Servet Yıldırım – Simurg bir efsane, bir masal kuşudur. Birçok mitolojide benzerleri vardır. Farsçada “Simurg” dur. Batı lisanlarında “Phonenix” ve Arapça’da ise “Anka” kuşudur. İran efsanesine nazaran 300 kuş, kuşların hükümdarı olduğuna inanılan Simurg’a ulaşmak için Kafdağı’na yanlışsız yola çıkarlar. Yolları zorludur, tehlikelerle doludur. Yedi tabansız vadiyi aşmaları gerekir. Her bir vadide sürüden ayrılanlar, yorulanlar, düşenler, kaybolanlar olur. Seyahatin sonunda her türlü zorluğa karşı yollarından ayrılmayıp azimle devam eden 30 kuş Kafdağı’na varır. Görürler ki, dağda Simurg diye bir kuş yoktur. Ve anlarlar ki, Simurg aslında buraya varmayı başaran ve yollarından dönmeyen bu 30 kuşun kendisidir. Farsçada “si” otuz ve “murg” ise kuş demektir; yani 30 kuş. Simurg ya da Anka kuşu birçok inanışta varoluşun ve yine doğuşun sembolüdür.
Atatürk ve arkadaşları en kötüyü ve en zoru yaşadıktan sonra bile uçmayı sürdürdüler; Osmanlının küllerinden Türkiye Cumhuriyeti’ni yarattılar. Çağdaşlaşma sürecini başlattılar.

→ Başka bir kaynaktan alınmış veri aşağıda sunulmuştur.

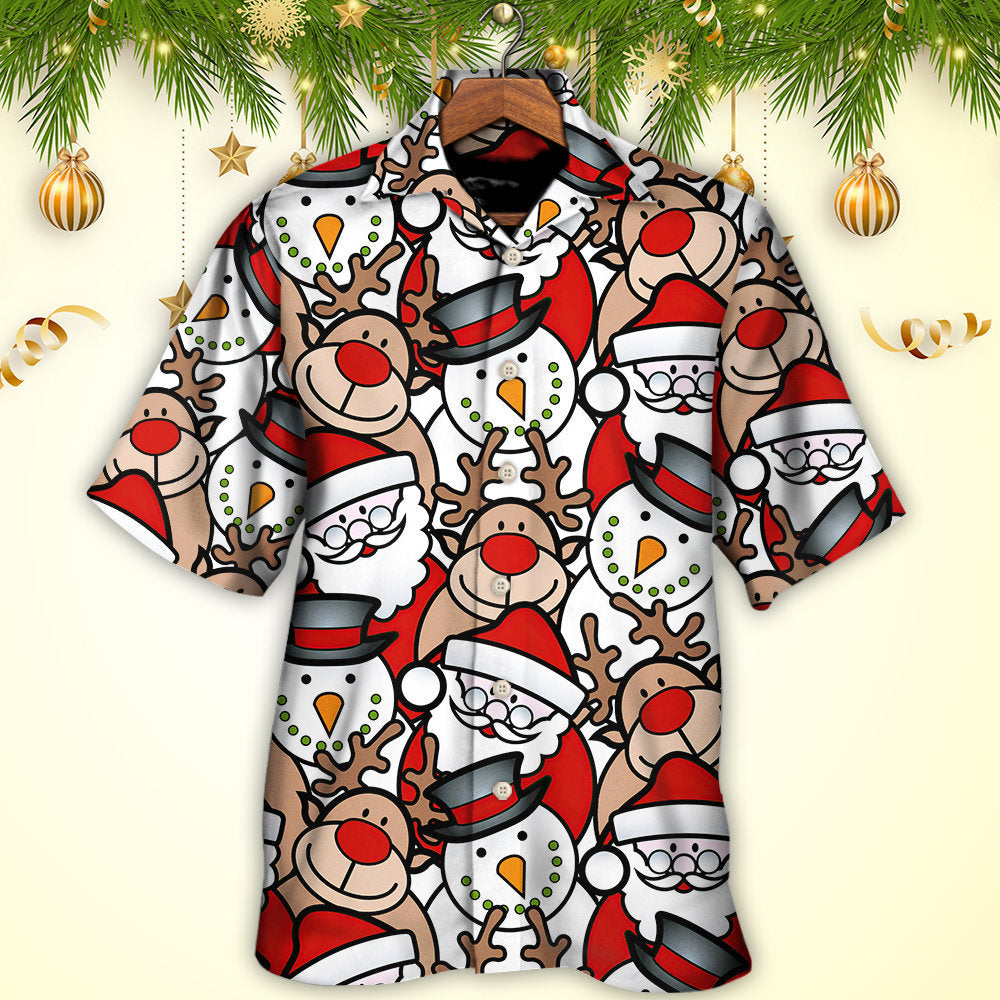 Christmas Cutie Santa And Reindeer Funny Style - Hawaiian Shirt - Reefox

Bugün yıldönümü kutladığımız Cumhuriyet’in öyküsü Sevr ile başlar. Cumhuriyet, Osmanlı’nın 1920 Ağustos’unda imzalamak zorunda kaldığı Sevr’e Atatürk Türkiye’sinin 1923 Ekim’inde verdiği yanıttır. Cumhuriyet’in alternatifi Sevr’dir. Sevr ile Osmanlı devleti sömürge haline gelmişti; iktisadı ve yönetimi yabancıların kontrolüne girmişti. İşte bundan dolayıdır ki, Cumhuriyet’in ilanı ile sonuçlanan Kurtuluş süreci bizim Simurg efsanemizdir. Bu süreç, Sevr’e alkış tutanlar, kurtuluşa inancı olmayanlar, ikbal peşine düşüp işgalcilerle iş birliği yapanlar, cehaletin ve ihanetin peşine takılanlar ile bağımsızlığa inanan ve her türlü bedeli ödemeye razı olan “Simurg”ların çabasıdır.
Eğer Sevr’e karşı Kurtuluş Savaşı başlatılmamış olsaydı, bugün her şey çok farklı olacak, birçok şey ise hiç olmayacaktı. Cumhuriyet Sevr ile uğraşın zafer tacıdır.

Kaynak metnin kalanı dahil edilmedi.